### Exercise description
Pictures in the data should be dropped; transcribe exactly the lines from the one that has "Cobi 2296 - Willys MB" through the one that has "1 sovereign 1916 (Sydney)".

### Data for processing
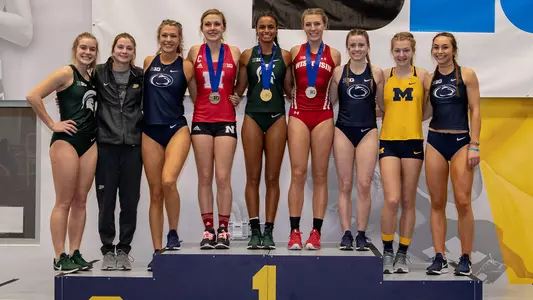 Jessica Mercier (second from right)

* * *

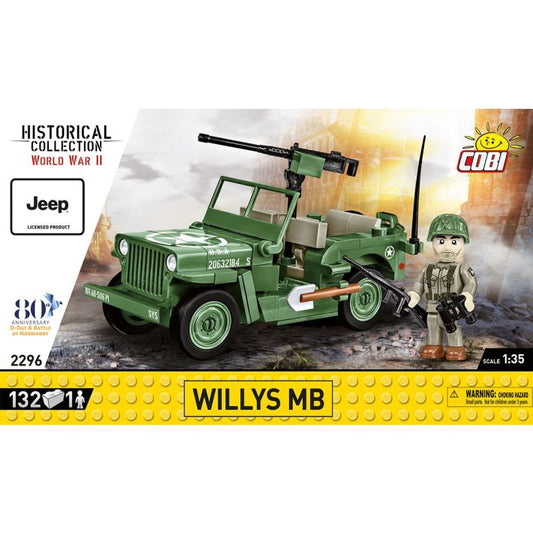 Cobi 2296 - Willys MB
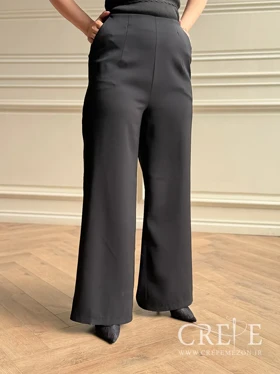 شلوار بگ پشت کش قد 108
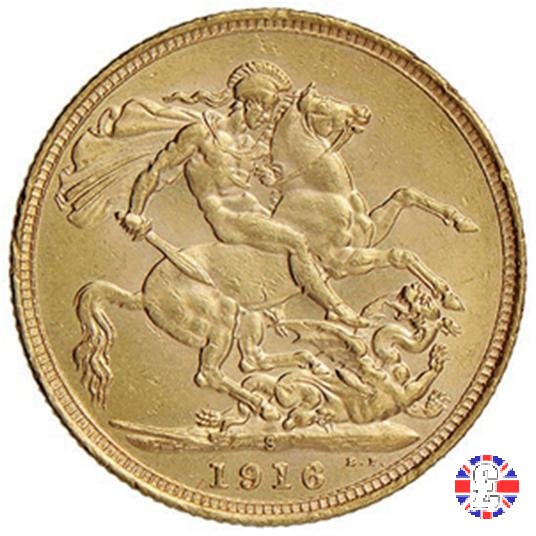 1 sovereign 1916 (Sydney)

* * *

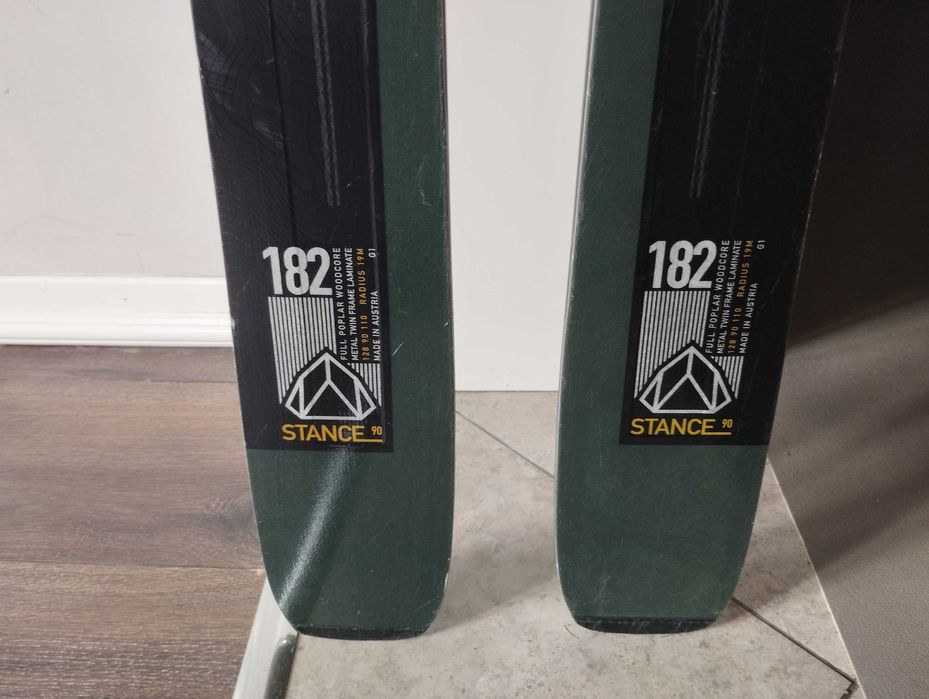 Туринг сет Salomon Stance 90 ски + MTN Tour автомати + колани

### Final answer
 Cobi 2296 - Willys MB
 شلوار بگ پشت کش قد 108
 1 sovereign 1916 (Sydney)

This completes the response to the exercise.